Sunday, September 16, 2012
"No." I answer very few questions with this singular response. It's almost always followed by "thank you" or more often, a long rambling monologue qualifying the "no".
"Do you like sushi?" "No."
"Are you a Yankees fan?" "No."
"Would you like to bungee jump off this bridge?" "No."
"Should we try and save your daughter?"
That is the answer we are about to give to a team of world renowned stem cell transplant (SCT) experts at Duke University Medical Center. They ran all the tests. They found her an HLA match (6 out of 6!). They believe she would physically fair well through the procedure.
But her brain will not.
We have spent weeks now grappling with this decision. Do we prolong her life when the quality of life will almost definitely not be there?
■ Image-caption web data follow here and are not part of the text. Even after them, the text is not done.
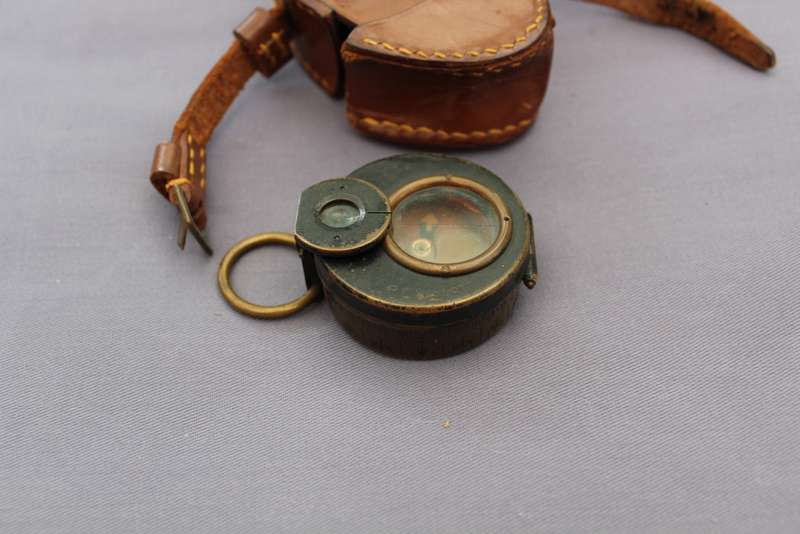 WWI Compass - Leather Cased Barkers Military Handheld Prismatic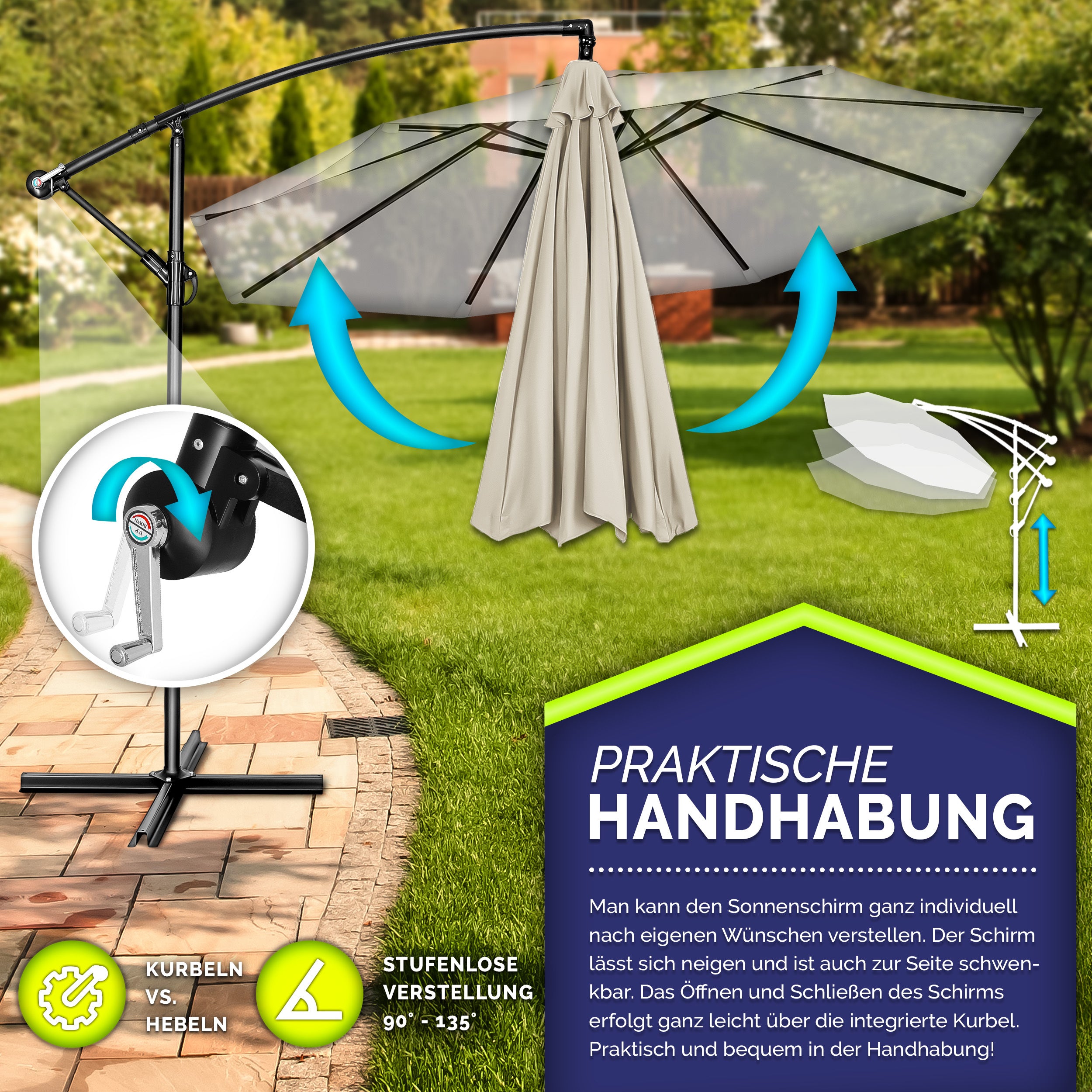 Sonnenschirm, Aluminium für Garten und Balkon – Detailansicht 67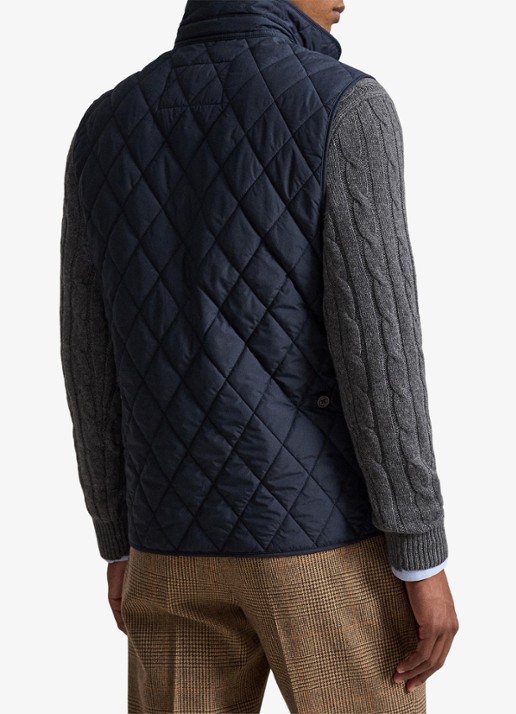 Ralph Lauren Beaton gewatteerde utility bodywarmer met opgestikte zakken - achterkant 3 college navy / donkerblauw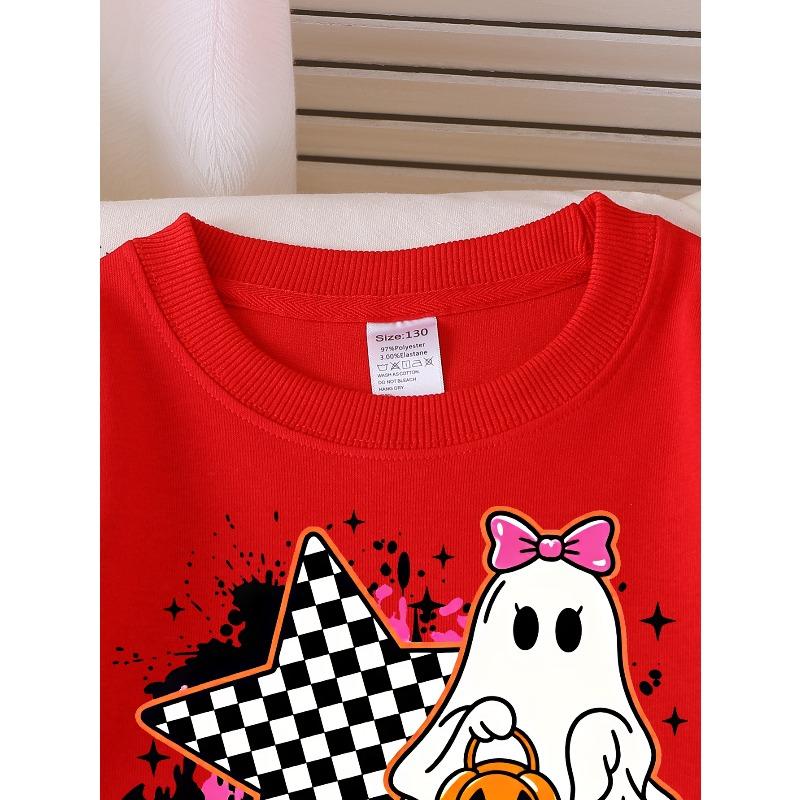 European sizes Girls' Soft Crewneck Sweatshirt Spooky Ghost Pumpkin Checkered Star Print, Casual All-Match, Ideal Holiday Present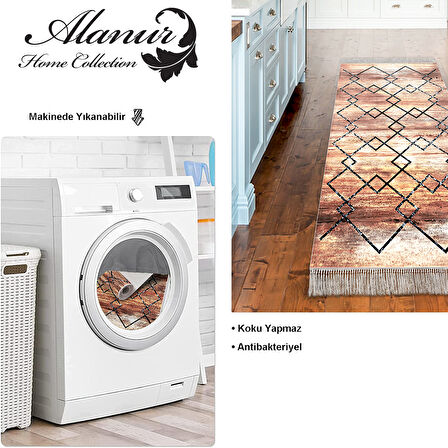 Dekoreko Kaymaz Taban Djt Mutfak Halısı Trend Saçaklı Modern M5006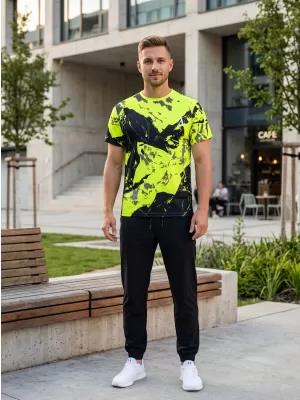Prémium férfi póló ALTISPORT VOJ/ALM131TR01 FLUO SÁRGA/FEKETE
And herein lies the universe's cruelest joke. We can give her more time - give us more time with her - but at a very high price. The next few months - the last few where she will still be a 'regular' baby - would be spent administering nearly lethal doses of chemotherapy and immunosuppressants, living in the PICU and an isolation room on 5200-the transplant floor at Duke.
And it would all be worth it, if it weren't for the damn MATH. You see, the neurological deterioration begins between 6-8 months in NPA patients and follows an aggressive path. SCT takes 80-90 days to reach the brain, where it takes another 2-4 months to begin working. And that would make Quinn almost a year old.
Absolutes that we always took for granted - life and death, right and wrong - are no longer a part of our world. We are told by everyone - the doctors, our family, our friends - "There is no wrong decision."
What they don't say - what they won't say - is that there is no right decision either.
We have spoken to families of other NPD children. To the single physician who actually studies this disease. To family. To friends. To a child psychologist. We have taken time to think together and time to think alone.
And we have come up with that one word sentence.